¿Qué tienen en común un banco de peces y una rotonda de motoristas vietnamitas? ¿Cómo es posible que algo funcione sin una autoridad que lo controle y gestione? 

Si has tenido la ocasión de ver en vivo y en directo cómo funciona el tráfico en una rotonda en Vietnam o en algún país asiático, o incluso en el mismo Arco del Triunfo (París),  verás una ausencia de autoridad que lo regule. ¿Qué pasaría si de repente pusiéramos un policía de tráfico? Seguramente colapsarían.

En ambos casos, existe el desarrollo de la autogestión, aplicando de forma explícita o implícita unas pocas reglas que sirven para organizar un sistema complejo. Es la aplicación de la Teoría de la Emergencia. Es decir, cómo organismos complejos funcionan con reglas sencillas.
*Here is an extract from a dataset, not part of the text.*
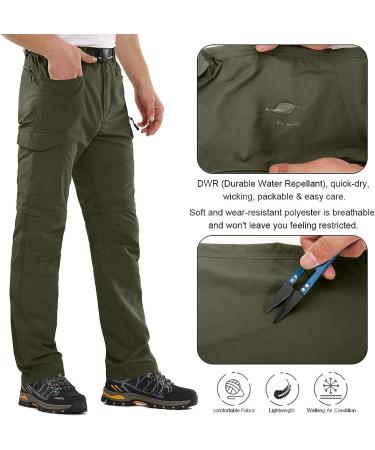 Men's Convertible Zip Off Hiking Pants - Quick Dry Lightweight Cargo Travel Safari Pants 6055 Army Green 30 - Buy Online on GoSupps.com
En el caso de los motoristas vietnamitas con sólo dos reglas (tienen preferencia los que están en el centro y nunca frenar) consiguen que el tráfico fluya. Respecto a los peces, reglas tales como girar todos en la misma dirección, mantenerse juntos y buscar el centro, consiguen generar un banco de peces que llega a convertirse en un sistema defensivo ante depredadores.

Comportamientos para cambiar una organización

equipo

¿Qué podemos aprender de la naturaleza para aplicar a las organizaciones humanas? Muchísimas cosas, pero en el caso que nos atañe, podemos hacernos esta pregunta: ¿qué tres comportamientos cambiarían nuestra organización por completo?

Obviamente éste no es un ejercicio donde puede llegar un consultor o un jefe e imponerlos. Debe ser construido mediante la consulta, la implicación y la participación de los afectados. Es activar la Inteligencia Colectiva y la participación en un proceso de cambio cultural y mental.

La experiencia me ha permitido desarrollar dos casos muy interesantes donde un trabajo de búsqueda y concreción de unas unas pocas reglas creadas por los empleados, generaron un cambio.

En el primero, en un hotel, el personal definió estos tres nuevos comportamientos:

1.- No se permitirá la queja, sin una propuesta de solución. Así se eliminaría la atmósfera tóxica. Basta ya de quejarse sin aportar ideas y soluciones concretas.

2.- Prohibido hablar mal de un compañero. Se deberá primeramente solucionar el problema entre los individuos implicados. Nada de contaminar a otros, ni crear bandos. En caso de que no se pudiera resolver entre ellos, solicitar ayuda a una tercera persona. Aquí tengo que comentar que un empleado en tono gracioso afirmó “¡Qué aburrido va a ser trabajar sin «rajar» de nadie!». Sin comentarios 😉

3.- Obligación de reconocer el trabajo de algún compañero una vez a la semana. ¿Sabemos lo que es el reconocimiento? ¿Eso de lo que tanto se queja todo el mundo, pero nadie hace? Pues vamos a implantarlo para interiorizarlo en la cultura y en los hábitos de los equipos.

Y el segundo caso, el de un departamento con ciertas disputas internas muy graves, ante lo cual propusieron cuatro reglas:

1.- Nunca resolverlas por email. Se acabó incrementar el conflicto a través del correo y menos incluyendo a otras personas. Rara vez se resuelve y además intoxica y distorsiona la realidad. Y no digo, si además, incluimos testigos en nuestra trifulca personal.

2.- Nunca encarar el conflicto dentro del departamento. Se buscaría un espacio fuera  del equipo para su resolución. Nada de discusiones con público presente.

3.- Se permitirá que perdure el conflicto no más de un día. A veces hay que dejar pasar un tiempo para que las aguas se calmen, y podamos afrontar un diálogo sosegado, pero nunca dejarlo pasar del segundo día, para evitar que se enquiste.

4.- Empezar la gestión del conflicto con la frase: “A lo mejor estoy equivocado…”. Aunque creamos que no lo estamos. El hecho es gestionarlo con formas empíricas. En infinitas ocasiones, la «forma» no deja llegar el «mensaje».

Y aquí dejo una pregunta: ¿crees que estos comportamientos cambiarían la dinámica de tu empresa?